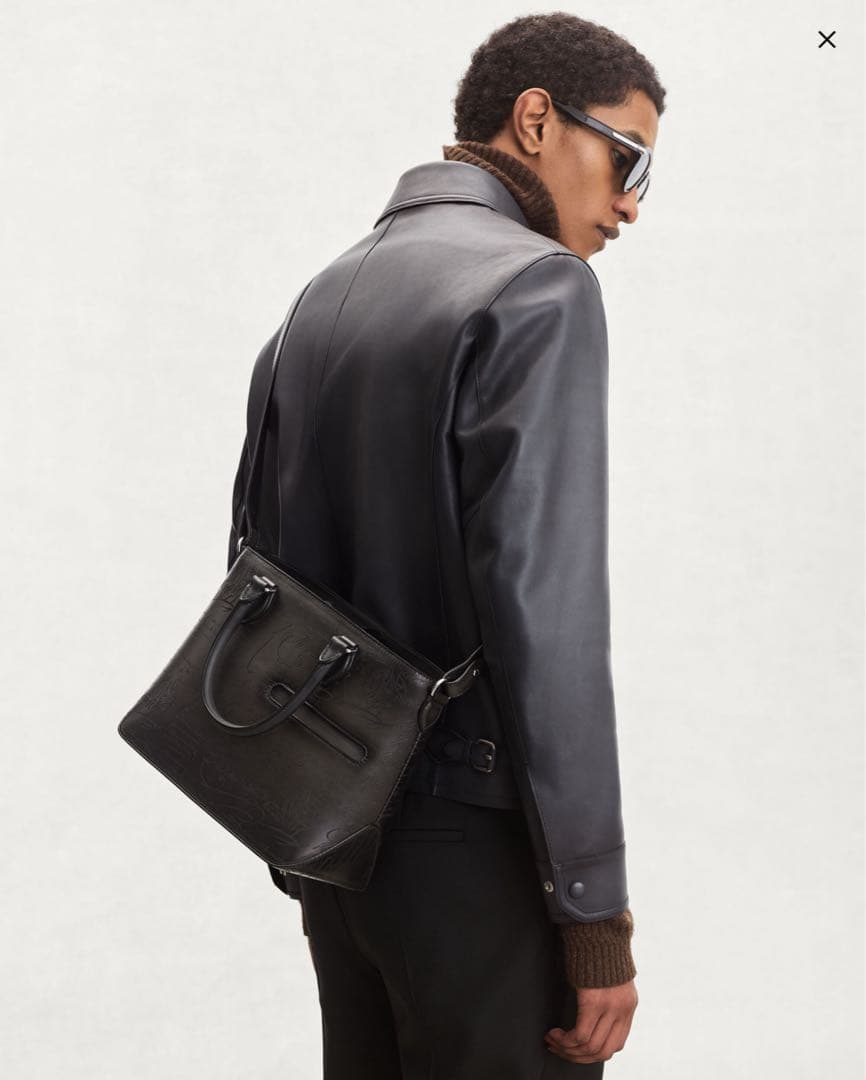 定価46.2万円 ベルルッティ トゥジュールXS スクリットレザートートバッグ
=-=-=
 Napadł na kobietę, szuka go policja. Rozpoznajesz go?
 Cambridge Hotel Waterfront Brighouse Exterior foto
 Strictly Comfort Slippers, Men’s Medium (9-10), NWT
=-=-=
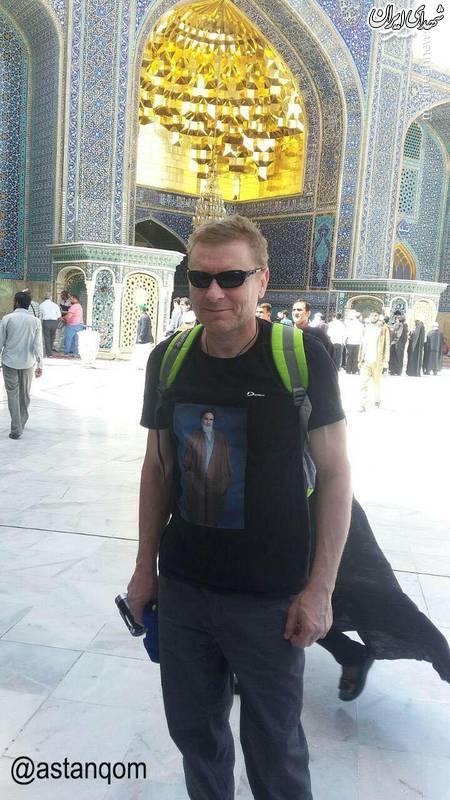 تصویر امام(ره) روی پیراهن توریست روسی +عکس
=-=-=
ASSIGNED TASK: Starting with the line above that holds "Cambridge Hotel Waterfront" and stopping with the line that holds "Strictly Comfort Slippers, Men’s", reproduce each line exactly, omitting all other lines.

TASK OUTPUT:
 Cambridge Hotel Waterfront Brighouse Exterior foto
 Strictly Comfort Slippers, Men’s Medium (9-10), NWT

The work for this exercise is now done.